For a period of one year after the Expiration Date, the Company will
promptly send additional copies of this Prospectus and any amendment or
supplement to this Prospectus to any broker-dealer that requests such documents
in the Letter of Transmittal. The Company has agreed to pay all expenses
incident to the Exchange Offer (including the expenses of one counsel for the
Holders of the Notes) other than commissions or concessions of any brokers or
dealers and will indemnify the Holders of the Notes (including any
broker-dealers) against certain liabilities, including liabilities under the
Securities Act.
22
[If applicable, add information required by Regulation S-K Items 507
and/or 508.]
23
ANNEX D
RIDER A
/ / CHECK HERE IF YOU ARE A BROKER-DEALER AND WISH TO RECEIVE 10
ADDITIONAL COPIES OF THE PROSPECTUS AND 10 COPIES OF ANY AMENDMENTS OR
SUPPLEMENTS THERETO.
Name:
--------------------------------------------
Address:
-----------------------------------------
-----------------------------------------
RIDER B
If the undersigned is not a broker-dealer, the undersigned represents that it is
not engaged in, and does not intend to engage in, a distribution of Exchange
Notes.

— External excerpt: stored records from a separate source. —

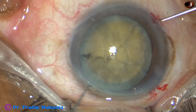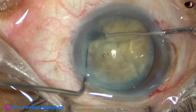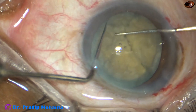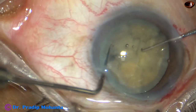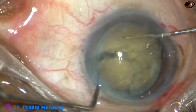Two instruments go through the two side ports and I try to separate the pieces. But I find that the leathery fibers are too tough and they are not giving in, so I also give in.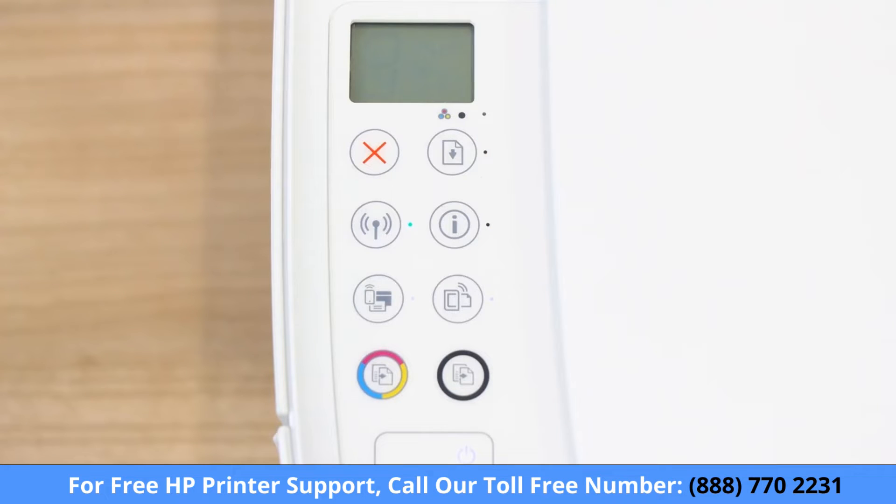Turn on your printer or press the Cancel button to wake it from sleep mode, and then get the Wi-Fi Direct name for your printer.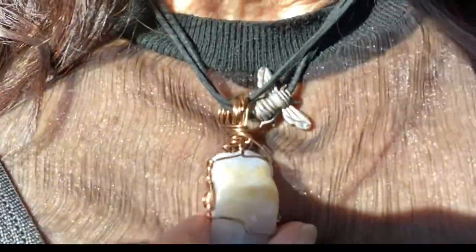Bless our trip. Bless this day. I love looking at this stone in the sunlight — so pretty.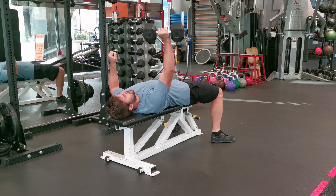Slowly lower the dumbbell to the side of your chest by bending your elbow. Keep the movement controlled and focus on engaging your chest muscles as well as your core to not shift to the side. Lower the dumbbell until your upper arm is parallel to the ground or slightly below. Ensure your wrist is directly above your elbow.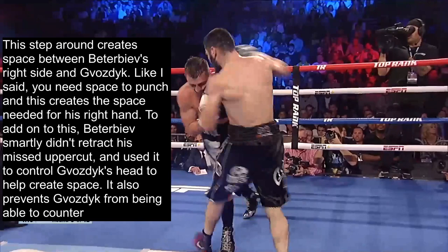You need space to punch, and this lateral step creates the space needed for his right hand since Bozdig had closed that space. Better Biav also smartly didn't retract his missed uppercut and used it to control Bozdig's head, pushing on it to help create space. This also prevents Bozdig from being able to counter. And the right hand lands behind the ear, knocking Bozdig off balance.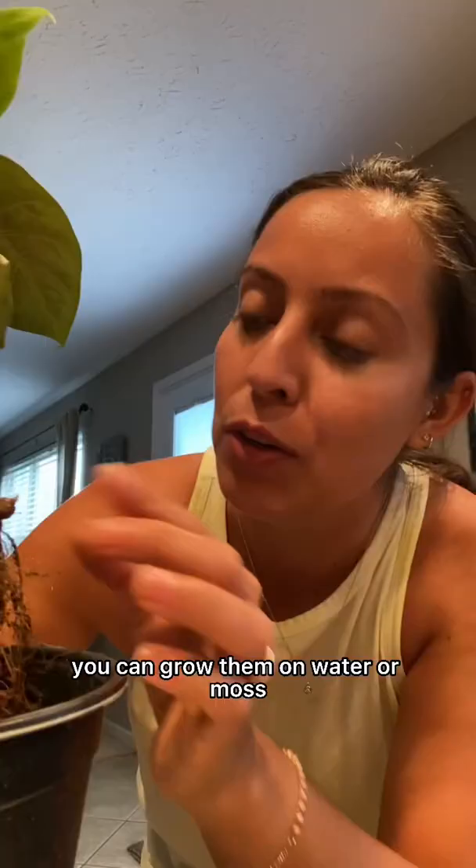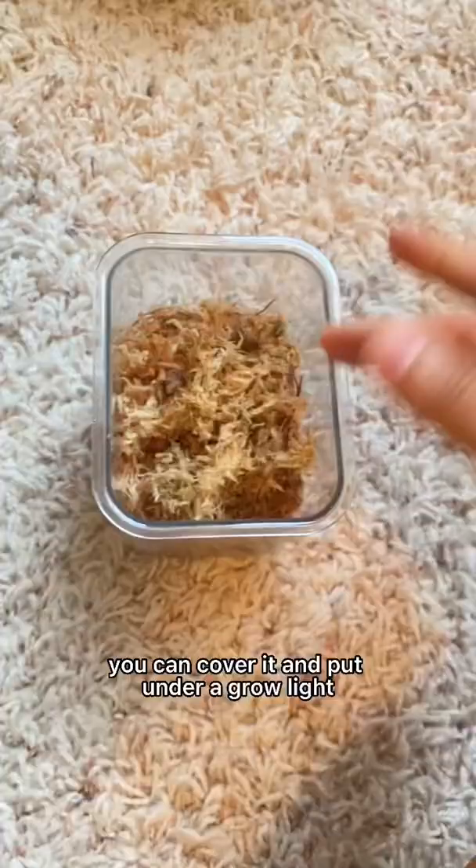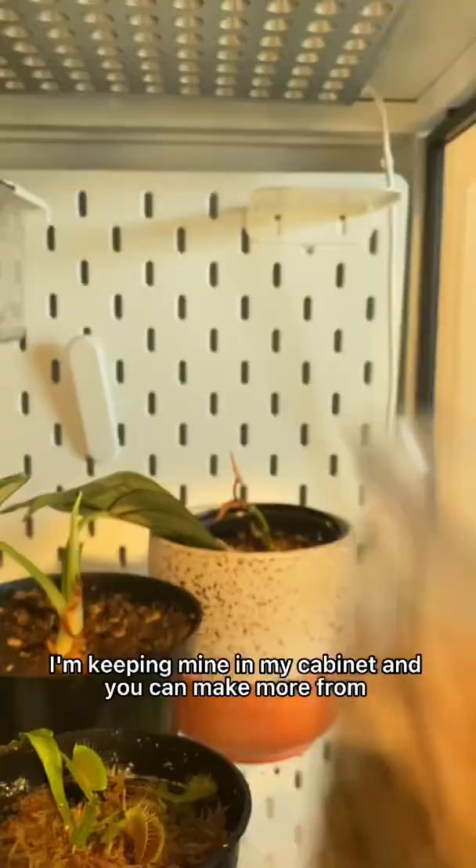You can grow them in water or moss. You can put them under a grow light or in a bright sunny space. I'm keeping mine in my cabinet — you can make more from them.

If the undersigned is a broker-dealer that will receive Exchange Notes
for its own account in exchange for Notes, it represents that the Notes to be
exchanged for Exchange Notes were acquired by it as a result of market-making
activities or other trading activities and acknowledges that it will deliver a
prospectus in connection with any resale of such Exchange Notes; however, by so
acknowledging and by delivering a prospectus, the undersigned will not be deemed
to admit that it is an "underwriter" within the meaning of the Securities Act.